Lawmakers React to a New Travel Alert on Mexico Yvonne Reyes Campos - The News go to original May 11, 2010
| | What is becoming obvious now, is that our relationship with the United States is deteriorating more and more. - Jorge Ramírez Marín | | | | Mexico City – President Felipe Calderón was asked, yesterday, to review his diplomatic relationship with his U.S. counterpart, in response to the new travel alerts recently issued by the U.S. government.
Lawmakers of the three main Mexican parties, namely the Institutional Revolutionary Party (PRI), the National Action Party (PAN) and the Democratic Revolutionary Party (PRD), insisted that Calderón should act boldly as U.S. citizens were recently advised to avoid unnecessary travels to the Mexican states of Chihuahua, Sinaloa, Durango, Coahuila, Michoacán and Tamaulipas, due to security problems in the north of the country.

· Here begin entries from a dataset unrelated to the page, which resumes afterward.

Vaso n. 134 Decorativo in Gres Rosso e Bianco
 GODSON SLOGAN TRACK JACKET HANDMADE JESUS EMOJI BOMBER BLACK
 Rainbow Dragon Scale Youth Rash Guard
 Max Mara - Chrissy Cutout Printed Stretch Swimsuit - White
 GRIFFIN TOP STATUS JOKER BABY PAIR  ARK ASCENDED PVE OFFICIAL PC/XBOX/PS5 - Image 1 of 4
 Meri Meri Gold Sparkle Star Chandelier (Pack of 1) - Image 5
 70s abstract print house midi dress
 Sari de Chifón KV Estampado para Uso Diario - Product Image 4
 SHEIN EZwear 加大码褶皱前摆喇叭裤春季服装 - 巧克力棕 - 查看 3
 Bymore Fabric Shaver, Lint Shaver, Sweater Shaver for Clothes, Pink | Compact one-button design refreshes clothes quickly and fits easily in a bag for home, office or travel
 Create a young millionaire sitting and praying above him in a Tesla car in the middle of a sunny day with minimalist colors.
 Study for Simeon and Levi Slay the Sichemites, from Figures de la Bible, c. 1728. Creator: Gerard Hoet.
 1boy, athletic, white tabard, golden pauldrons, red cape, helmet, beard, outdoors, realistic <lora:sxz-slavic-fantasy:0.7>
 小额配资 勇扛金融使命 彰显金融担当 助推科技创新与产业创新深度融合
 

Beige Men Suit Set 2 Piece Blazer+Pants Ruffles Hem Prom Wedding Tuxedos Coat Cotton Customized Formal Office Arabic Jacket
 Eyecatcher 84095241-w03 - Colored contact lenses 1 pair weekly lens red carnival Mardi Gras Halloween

The President of the Political Coordination Committee in the Senate, who is also the coordinator of the PAN bloc in the Upper House, Gustavo Madero, did not dismiss the idea that the travel alerts, ordered by Barack Obama’s administration, could be an indirect means to divert attention from the controversial SB1070 Law, which criminalizes immigration in Arizona.
“Instead of issuing travel warnings... Obama had rather propose comprehensive solutions and concrete actions to reduce drug use in his country, and to combat organized crime, including arms trafficking,” Madero said.
“What is unjustifiable, is diverting attention from Arizona’s anti-immigration Law, a problem that is generating international and discriminatory consequences,” he added.
Jorge Ramírez Marín, the vice-coordinator of the PRI bloc in the Congress, deemed the travel alerts excessive. By contrast, he considered “quite mild” Calderón’s attempts to requesting responsible action from the U.S. government regarding the war on organized crime. “What is becoming obvious now, is that our relationship with the United States is deteriorating more and more,” Ramírez said. “On the one hand, our local interests, including the recovery of our tourism industry, are now threatened. On the other hand, our ideological positions are explicitly divergent.”